TYPES OF PARTNERSHIPS-

  1. General Partnership- All the partners are equally liable for the business debts.

  2. Limited Partnership(LP)- This partnership allows both the general partners with full liability and limited partners with limited liability and also limited involvement in the business,

  3. Limited Liability Partnership (LLP) - In this arrangement, all partners will be having limited liabilities. (Schoneveld, 2020.p.124062) Some or all partners can have limited involvement in the business management.

PROS:

Distributed responsibility between all business partners and additional support

Shared liabilities and profits

Easy to set up and requires less administrative work.

CONS:

It can be complicated to transfer ownership or leave the partnership.

Consequences of any partner’s mistakes have to be faced by others involved in the business.

Disputes are common due to differences in opinions.

  1. Limited Liability Company (LLC) - This type of company structure provides clear separation between the company and its owners. The owner is not held responsible for the debts or liabilities of the company. It is a perfect blend of benefit of partnership and corporation. It can be useful for small business owners who require some liability protection and flexibility with taxes and management for their company.

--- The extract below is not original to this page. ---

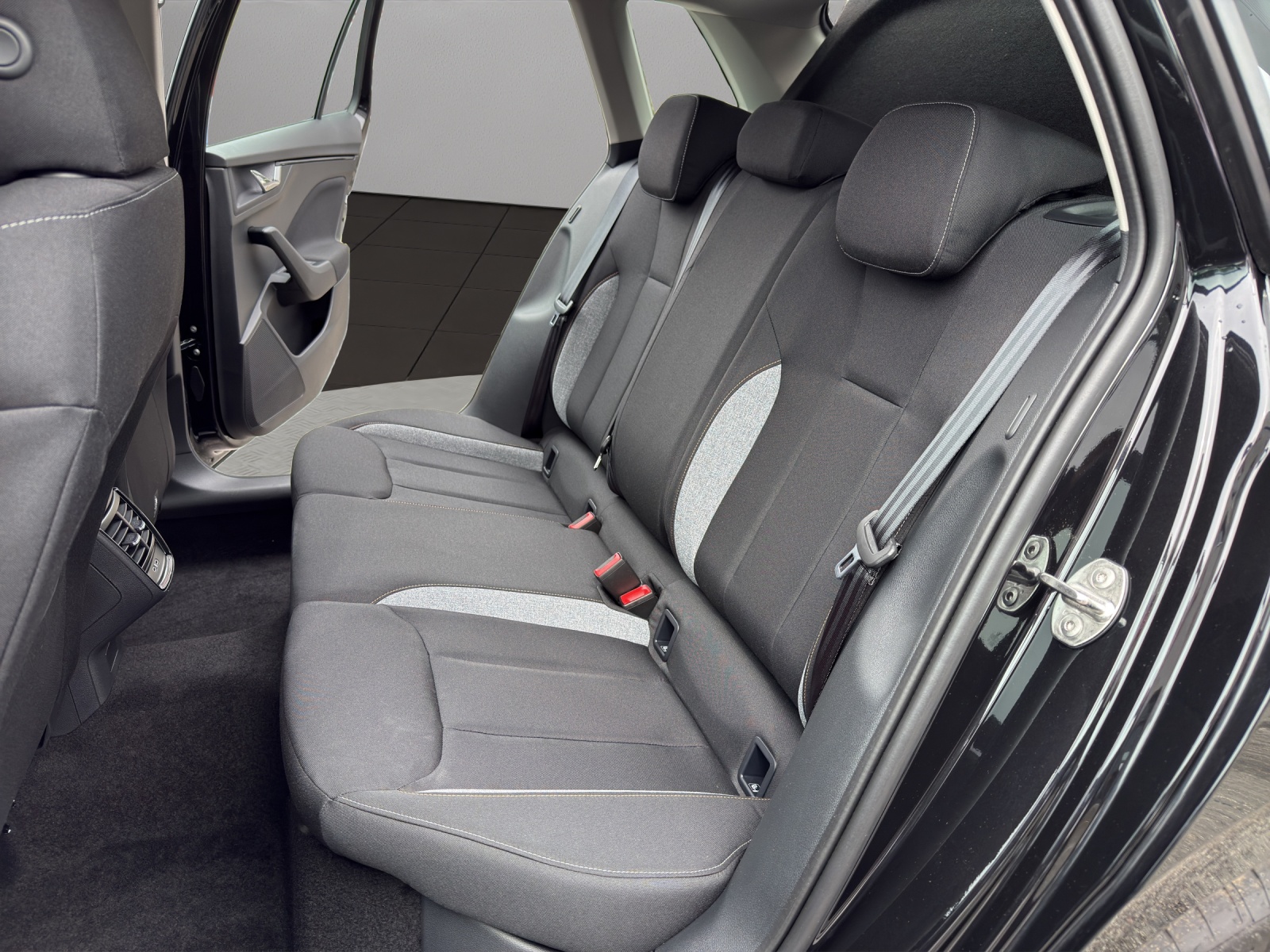 SKODA Kamiq 1.5 TSI Selection DSG-image-12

This set up requires more administration work and responsibilities than a sole proprietorship or partnership. The organization is obliged to file its accounts and pay Corporation tax regularly (Shah et al., 2022.). There must be a strict documentation of all transactions and a detailed report of the finances.



PROS:

The business and personal finances are independent and the owner is not liable for any of the business costs.

A corporate structure can help in bringing more clients towards the business.

It is more tax efficient.



CONS:

Members of LLC have to register themselves as self-employed and must pay all taxes in order to get Medicare and Social Security.

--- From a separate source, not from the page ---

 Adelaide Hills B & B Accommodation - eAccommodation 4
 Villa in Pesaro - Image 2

Information is publically available so there are privacy concerns.

Heavy administration burden is present.



  1. LIMITED LIABILITY PARTNERSHIP (LLP) – This structure is considered more complex than others and especially for the local businesses. It is an alternative corporate business form that combines a company’s limited liability while offering flexibility for partnership.

Each person or entity is entitled to a percentage of business profits which depends on the amount that is being invested by them in the business.



PROS:

Corporations can exist indefinitely (Lobo and Bhat, 2022.pp.14-25). They are independent of changes in ownership and in case if shareholders depart.

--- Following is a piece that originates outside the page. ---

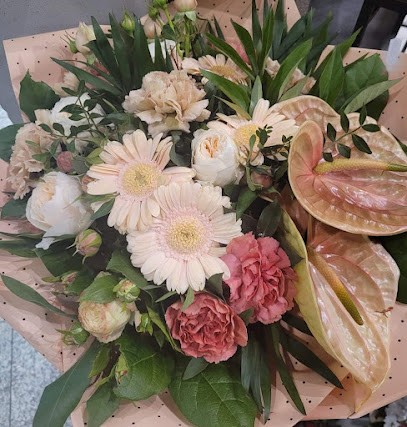 Kwiaciarnia ul.Czarny Potok 6A- KRYNICA- ZDRÓJ, Kwiaciarnia w Krynica-Zdrój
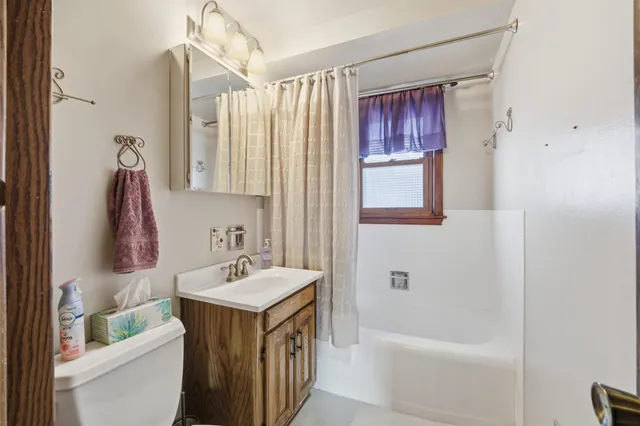 $234,900 | 204 East 3rd Street, Kimberly, WI 54136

Each person is only liable for the debts relating to the amount invested by them.

Less tax to be paid than in the sole traders set up.

Simpler access to capital since corporations can issue stocks and bonds.





CONS:

It is more expensive than other business structures.

There is dilution of control since the shareholders of the company also hold the decision making power or the power to influence the decisions.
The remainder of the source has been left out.